Combatting such behavior requires broadening our communities of allies through more integrated academic courses and workshops for all ages, steady support for Asian American culture and the arts, cultural immersion in diverse communities to engage with each other in non-didactic ways, and grassroots initiatives that embrace difference, not fear it. What I am suggesting is not new, hardly. Generations of Asian Americans, other marginalized peoples — kindred spirits — from all walks of life have been doing this hard work for decades. What I am suggesting is interlinking with a continuum that many people, including Asian Americans, do not even know exists.

Are there examples from what you’re involved in to counter anti-Asian racism that you think would help others?

Over the course of my life, I have come to understand how all of these histories that I’ve touched upon live within me as a storyteller, image maker and educator. Perhaps this is one of the main reasons why, in my own humble way, I have dedicated my life to combatting all forms of prejudices and injustices.

Besides my visual and media art practice, curatorial and multidisciplinary cross-cultural exchange projects that I produce, I try to interact with as many everyday people as much possible as a deracializing gesture. I smile and say hello to total strangers, ask them how their day went, or help them in some small way if they need it. I also worked in the nonprofit cultural sector with organizations whose mandate it is to produce projects that promote Asian American visibility.

I have been teaching Asian American Studies in this country for 22 years. I was first asked to teach an Asian American Studies course at Hunter College in 1993. Simultaneously, I was starting to get recognition for my film and video work.
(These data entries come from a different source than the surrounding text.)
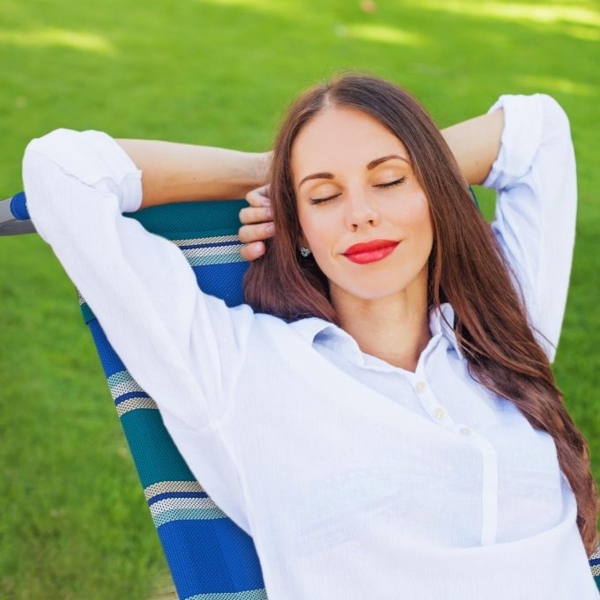 Klappbarer Liegestuhl mit Nackenkissen Bild 3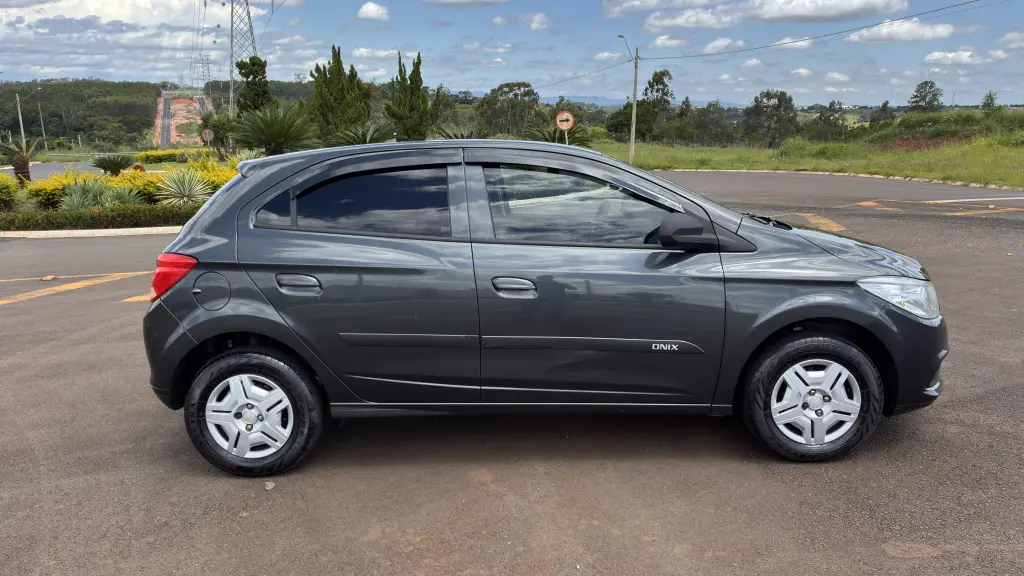 CHEVROLET Onix Hatch - Foto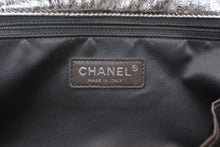 Load image into Gallery viewer, 新品同様 CHANEL シャネル チェーンワンショルダーバッグ 12番台 ココマーク パンチングレザー カーフスキン シルバー 中古 4b013007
Coming out of a conceptual art school and being a practicing artist, I had no idea what Asian American Studies was. The professor who hired me at Hunter told me “just teach about your life.” I am simplifying things, but my passion for teaching really grew out of these early encounters with largely Asian American youth.

In my classes over the years and now at Princeton, I’ve brought in a variety of guest speakers — some who were part of the early movement when they were the same age as the students are now. I invited these specific artists, filmmakers, writers and educators because I knew their “talk-story” interactions would be inspiring on multiple levels. Countering anti-Asian racism is all about creating openings — spaces in which we use our skill sets, tools, life experiences to build these bridges between and across our histories, cultures and young people. That’s how we can participate in shaping a more just future.